Problem details ▸
Among the lines below, a stretch begins at the one with "Rocky Coastline of Monterey Keychain (Front)" and ends at the one with "Caja de dos". Repeat that stretch exactly, ends included.

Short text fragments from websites

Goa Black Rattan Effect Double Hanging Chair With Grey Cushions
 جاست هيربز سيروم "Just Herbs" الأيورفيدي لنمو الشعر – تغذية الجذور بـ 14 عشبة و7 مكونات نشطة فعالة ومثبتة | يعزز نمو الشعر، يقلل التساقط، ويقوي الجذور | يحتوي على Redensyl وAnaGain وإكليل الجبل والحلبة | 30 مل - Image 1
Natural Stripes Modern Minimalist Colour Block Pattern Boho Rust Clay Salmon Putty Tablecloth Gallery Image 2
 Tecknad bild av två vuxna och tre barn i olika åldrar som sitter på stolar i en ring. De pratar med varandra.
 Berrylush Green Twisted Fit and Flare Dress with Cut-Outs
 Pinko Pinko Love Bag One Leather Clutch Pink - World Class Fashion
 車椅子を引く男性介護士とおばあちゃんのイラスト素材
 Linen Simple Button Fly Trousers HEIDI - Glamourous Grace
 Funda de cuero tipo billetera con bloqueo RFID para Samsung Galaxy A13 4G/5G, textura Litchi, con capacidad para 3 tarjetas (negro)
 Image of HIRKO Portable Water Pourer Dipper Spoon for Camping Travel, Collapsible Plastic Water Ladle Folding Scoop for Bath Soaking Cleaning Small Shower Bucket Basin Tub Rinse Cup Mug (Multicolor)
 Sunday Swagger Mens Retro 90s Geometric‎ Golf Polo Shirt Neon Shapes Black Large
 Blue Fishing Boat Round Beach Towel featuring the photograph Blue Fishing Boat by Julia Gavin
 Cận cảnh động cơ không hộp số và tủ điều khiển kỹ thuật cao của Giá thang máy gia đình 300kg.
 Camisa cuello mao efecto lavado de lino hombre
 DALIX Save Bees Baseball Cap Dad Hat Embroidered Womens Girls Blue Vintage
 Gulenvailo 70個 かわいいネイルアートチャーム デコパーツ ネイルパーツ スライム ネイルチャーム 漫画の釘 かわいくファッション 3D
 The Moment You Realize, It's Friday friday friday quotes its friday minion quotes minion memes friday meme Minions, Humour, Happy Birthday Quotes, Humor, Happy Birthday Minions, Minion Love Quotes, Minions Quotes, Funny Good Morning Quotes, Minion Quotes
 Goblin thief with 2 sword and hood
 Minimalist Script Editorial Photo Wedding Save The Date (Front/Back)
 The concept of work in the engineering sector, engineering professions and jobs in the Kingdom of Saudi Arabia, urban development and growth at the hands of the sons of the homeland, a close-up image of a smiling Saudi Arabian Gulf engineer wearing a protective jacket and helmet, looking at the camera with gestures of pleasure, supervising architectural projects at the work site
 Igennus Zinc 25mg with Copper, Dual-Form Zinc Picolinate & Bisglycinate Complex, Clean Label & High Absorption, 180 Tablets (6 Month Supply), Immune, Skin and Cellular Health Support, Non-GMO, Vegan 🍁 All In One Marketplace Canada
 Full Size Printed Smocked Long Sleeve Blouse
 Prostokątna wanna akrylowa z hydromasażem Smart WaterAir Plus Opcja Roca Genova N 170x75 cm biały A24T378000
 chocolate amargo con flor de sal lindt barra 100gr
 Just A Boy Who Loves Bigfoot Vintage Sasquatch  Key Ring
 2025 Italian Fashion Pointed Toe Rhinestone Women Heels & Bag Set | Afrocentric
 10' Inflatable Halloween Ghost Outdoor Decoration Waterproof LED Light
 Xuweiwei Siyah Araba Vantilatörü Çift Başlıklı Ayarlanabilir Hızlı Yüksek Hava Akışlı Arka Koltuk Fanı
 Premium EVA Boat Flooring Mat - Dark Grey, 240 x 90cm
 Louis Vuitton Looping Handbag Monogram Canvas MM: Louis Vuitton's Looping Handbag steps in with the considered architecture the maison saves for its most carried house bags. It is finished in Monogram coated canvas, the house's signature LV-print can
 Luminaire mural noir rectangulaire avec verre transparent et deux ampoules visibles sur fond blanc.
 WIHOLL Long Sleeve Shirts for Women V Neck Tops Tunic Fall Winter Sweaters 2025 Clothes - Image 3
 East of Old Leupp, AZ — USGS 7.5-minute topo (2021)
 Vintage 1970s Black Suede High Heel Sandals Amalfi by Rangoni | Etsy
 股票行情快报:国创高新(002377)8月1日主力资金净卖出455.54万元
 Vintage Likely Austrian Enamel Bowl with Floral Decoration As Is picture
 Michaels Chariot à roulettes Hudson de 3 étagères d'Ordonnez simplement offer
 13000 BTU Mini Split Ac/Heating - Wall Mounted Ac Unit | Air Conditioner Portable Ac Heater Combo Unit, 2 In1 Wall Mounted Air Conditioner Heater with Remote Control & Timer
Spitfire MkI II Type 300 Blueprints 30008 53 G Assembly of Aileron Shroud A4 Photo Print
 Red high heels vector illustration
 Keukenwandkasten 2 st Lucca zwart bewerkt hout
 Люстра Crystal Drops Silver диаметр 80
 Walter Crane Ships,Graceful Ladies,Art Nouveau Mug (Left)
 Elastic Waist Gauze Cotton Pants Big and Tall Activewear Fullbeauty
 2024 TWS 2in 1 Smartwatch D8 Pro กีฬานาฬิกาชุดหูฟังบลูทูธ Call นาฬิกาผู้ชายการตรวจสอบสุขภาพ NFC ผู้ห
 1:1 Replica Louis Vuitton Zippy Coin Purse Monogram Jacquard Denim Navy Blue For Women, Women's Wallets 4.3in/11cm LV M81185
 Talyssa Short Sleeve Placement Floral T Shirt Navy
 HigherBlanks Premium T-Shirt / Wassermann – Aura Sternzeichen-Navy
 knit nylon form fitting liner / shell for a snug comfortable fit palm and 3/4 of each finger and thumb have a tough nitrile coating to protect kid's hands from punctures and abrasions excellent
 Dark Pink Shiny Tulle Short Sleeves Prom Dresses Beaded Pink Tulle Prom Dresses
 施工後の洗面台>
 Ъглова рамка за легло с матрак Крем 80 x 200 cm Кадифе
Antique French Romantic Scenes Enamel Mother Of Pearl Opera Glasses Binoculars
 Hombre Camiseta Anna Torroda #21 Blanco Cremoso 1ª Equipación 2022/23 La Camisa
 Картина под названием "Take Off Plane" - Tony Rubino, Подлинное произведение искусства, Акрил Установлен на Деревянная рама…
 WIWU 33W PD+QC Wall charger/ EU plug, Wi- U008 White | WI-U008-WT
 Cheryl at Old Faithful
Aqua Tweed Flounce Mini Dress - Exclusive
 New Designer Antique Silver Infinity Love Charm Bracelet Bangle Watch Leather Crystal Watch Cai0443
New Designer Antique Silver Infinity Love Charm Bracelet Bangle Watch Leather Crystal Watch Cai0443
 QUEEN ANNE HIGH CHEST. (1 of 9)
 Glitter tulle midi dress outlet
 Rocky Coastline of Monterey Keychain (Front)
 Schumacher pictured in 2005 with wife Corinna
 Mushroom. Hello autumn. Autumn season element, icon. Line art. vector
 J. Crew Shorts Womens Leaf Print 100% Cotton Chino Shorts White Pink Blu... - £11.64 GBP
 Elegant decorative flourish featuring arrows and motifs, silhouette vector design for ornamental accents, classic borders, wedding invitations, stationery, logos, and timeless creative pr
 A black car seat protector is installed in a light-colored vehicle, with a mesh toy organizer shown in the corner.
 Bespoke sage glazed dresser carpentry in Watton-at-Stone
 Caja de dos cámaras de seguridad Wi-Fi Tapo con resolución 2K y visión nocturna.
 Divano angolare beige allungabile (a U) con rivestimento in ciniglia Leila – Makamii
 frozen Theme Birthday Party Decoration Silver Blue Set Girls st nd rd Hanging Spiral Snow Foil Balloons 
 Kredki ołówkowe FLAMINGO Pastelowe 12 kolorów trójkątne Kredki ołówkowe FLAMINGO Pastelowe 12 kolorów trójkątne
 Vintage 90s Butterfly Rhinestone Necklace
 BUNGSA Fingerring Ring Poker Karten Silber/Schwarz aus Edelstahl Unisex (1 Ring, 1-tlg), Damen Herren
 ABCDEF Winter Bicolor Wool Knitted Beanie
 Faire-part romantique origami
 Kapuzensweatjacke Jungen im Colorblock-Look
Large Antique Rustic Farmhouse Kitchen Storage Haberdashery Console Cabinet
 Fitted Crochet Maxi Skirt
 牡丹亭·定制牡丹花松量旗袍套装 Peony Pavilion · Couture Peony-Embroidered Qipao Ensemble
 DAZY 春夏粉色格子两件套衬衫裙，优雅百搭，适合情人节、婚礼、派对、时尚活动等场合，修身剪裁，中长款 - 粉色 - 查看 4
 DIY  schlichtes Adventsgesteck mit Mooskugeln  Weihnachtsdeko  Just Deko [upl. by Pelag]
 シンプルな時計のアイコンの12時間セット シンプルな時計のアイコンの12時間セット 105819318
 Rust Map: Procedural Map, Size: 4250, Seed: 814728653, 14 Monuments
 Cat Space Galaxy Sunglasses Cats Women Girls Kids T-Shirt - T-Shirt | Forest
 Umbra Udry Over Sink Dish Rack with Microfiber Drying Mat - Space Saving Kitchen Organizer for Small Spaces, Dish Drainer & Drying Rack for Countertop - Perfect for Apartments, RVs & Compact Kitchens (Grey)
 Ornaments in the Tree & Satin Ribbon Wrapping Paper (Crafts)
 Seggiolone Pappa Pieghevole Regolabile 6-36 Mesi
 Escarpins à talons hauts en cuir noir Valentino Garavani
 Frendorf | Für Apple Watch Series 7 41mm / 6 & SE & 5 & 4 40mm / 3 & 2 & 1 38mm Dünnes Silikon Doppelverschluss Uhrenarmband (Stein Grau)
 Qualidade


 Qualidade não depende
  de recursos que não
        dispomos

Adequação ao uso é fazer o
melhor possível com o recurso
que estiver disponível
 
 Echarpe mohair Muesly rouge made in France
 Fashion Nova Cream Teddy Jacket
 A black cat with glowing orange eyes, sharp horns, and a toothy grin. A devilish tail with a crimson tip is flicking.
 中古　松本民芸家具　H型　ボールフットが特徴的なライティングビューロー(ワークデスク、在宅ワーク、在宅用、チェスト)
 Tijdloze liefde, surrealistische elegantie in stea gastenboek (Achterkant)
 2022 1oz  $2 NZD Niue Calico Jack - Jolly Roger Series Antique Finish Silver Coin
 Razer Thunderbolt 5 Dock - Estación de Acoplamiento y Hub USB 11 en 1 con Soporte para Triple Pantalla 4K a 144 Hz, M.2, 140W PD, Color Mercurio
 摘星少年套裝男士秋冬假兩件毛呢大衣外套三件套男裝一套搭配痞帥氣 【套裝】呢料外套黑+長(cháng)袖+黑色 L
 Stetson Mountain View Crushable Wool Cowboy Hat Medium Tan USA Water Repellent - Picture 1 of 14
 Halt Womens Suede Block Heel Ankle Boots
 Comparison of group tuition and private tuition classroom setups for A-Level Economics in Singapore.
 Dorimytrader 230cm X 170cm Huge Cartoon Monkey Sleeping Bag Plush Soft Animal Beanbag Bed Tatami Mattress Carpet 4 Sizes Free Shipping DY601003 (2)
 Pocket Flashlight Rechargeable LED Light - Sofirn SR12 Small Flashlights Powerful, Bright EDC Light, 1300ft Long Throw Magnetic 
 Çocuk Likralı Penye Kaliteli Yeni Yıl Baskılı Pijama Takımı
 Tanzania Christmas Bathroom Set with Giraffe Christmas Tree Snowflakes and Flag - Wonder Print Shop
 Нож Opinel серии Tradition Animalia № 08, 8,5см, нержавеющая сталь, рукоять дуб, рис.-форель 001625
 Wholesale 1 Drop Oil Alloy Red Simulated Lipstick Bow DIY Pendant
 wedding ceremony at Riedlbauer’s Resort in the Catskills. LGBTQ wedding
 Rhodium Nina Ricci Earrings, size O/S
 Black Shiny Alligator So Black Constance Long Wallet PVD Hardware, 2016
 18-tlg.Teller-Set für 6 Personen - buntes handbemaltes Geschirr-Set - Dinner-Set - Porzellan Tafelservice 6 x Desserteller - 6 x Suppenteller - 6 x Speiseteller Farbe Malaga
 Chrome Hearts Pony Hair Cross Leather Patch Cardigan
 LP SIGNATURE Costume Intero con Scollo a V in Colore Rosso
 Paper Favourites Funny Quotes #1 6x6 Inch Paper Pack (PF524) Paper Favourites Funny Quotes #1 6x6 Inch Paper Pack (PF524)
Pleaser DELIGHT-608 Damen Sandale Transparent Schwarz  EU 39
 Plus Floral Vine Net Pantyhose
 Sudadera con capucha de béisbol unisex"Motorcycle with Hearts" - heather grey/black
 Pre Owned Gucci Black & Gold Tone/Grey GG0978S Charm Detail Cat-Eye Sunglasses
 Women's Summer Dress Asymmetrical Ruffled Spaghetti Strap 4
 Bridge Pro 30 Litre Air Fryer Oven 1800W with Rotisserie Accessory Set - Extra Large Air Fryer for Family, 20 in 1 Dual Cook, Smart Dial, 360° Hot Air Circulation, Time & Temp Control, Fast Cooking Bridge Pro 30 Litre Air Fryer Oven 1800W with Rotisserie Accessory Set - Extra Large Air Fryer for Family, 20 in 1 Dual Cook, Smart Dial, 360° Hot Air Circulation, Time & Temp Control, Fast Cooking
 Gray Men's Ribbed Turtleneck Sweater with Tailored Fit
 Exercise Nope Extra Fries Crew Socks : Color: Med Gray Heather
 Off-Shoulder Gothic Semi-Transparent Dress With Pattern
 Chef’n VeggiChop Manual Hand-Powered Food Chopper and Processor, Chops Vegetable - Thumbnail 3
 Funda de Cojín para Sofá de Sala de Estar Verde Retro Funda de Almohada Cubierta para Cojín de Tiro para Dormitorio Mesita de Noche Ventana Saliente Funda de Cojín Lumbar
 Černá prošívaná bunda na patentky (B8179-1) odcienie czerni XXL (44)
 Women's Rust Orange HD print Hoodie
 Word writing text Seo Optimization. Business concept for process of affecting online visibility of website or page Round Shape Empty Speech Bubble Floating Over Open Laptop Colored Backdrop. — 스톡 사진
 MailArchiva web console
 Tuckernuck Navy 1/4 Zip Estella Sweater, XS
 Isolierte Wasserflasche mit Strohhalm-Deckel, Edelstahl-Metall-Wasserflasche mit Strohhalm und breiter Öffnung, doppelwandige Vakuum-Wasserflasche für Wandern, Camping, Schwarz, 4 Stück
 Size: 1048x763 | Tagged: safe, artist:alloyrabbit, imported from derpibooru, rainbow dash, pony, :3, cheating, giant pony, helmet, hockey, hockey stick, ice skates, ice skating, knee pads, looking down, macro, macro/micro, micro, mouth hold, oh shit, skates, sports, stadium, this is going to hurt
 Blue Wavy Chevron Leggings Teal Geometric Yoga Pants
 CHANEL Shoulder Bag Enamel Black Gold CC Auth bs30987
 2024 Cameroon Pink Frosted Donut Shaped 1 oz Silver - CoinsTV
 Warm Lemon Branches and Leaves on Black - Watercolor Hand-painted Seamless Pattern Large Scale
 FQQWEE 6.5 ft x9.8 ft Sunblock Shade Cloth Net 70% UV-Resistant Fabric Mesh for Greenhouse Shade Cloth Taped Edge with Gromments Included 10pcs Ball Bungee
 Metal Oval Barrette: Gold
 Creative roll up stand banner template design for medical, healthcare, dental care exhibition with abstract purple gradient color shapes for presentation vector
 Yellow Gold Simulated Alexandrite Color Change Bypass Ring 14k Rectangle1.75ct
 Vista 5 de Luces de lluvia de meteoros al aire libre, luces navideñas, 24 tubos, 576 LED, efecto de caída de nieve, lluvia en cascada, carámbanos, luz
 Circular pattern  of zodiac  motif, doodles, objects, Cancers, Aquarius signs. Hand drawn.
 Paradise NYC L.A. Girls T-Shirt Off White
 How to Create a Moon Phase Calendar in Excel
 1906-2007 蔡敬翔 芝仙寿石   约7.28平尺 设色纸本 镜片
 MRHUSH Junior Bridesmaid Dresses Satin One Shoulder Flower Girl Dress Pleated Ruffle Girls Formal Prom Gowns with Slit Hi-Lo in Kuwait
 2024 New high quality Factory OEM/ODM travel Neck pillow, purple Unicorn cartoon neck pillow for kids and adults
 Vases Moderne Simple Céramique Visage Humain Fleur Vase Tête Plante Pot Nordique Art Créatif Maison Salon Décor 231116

Written answer ▸
 Rocky Coastline of Monterey Keychain (Front)
 Schumacher pictured in 2005 with wife Corinna
 Mushroom. Hello autumn. Autumn season element, icon. Line art. vector
 J. Crew Shorts Womens Leaf Print 100% Cotton Chino Shorts White Pink Blu... - £11.64 GBP
 Elegant decorative flourish featuring arrows and motifs, silhouette vector design for ornamental accents, classic borders, wedding invitations, stationery, logos, and timeless creative pr
 A black car seat protector is installed in a light-colored vehicle, with a mesh toy organizer shown in the corner.
 Bespoke sage glazed dresser carpentry in Watton-at-Stone
 Caja de dos cámaras de seguridad Wi-Fi Tapo con resolución 2K y visión nocturna.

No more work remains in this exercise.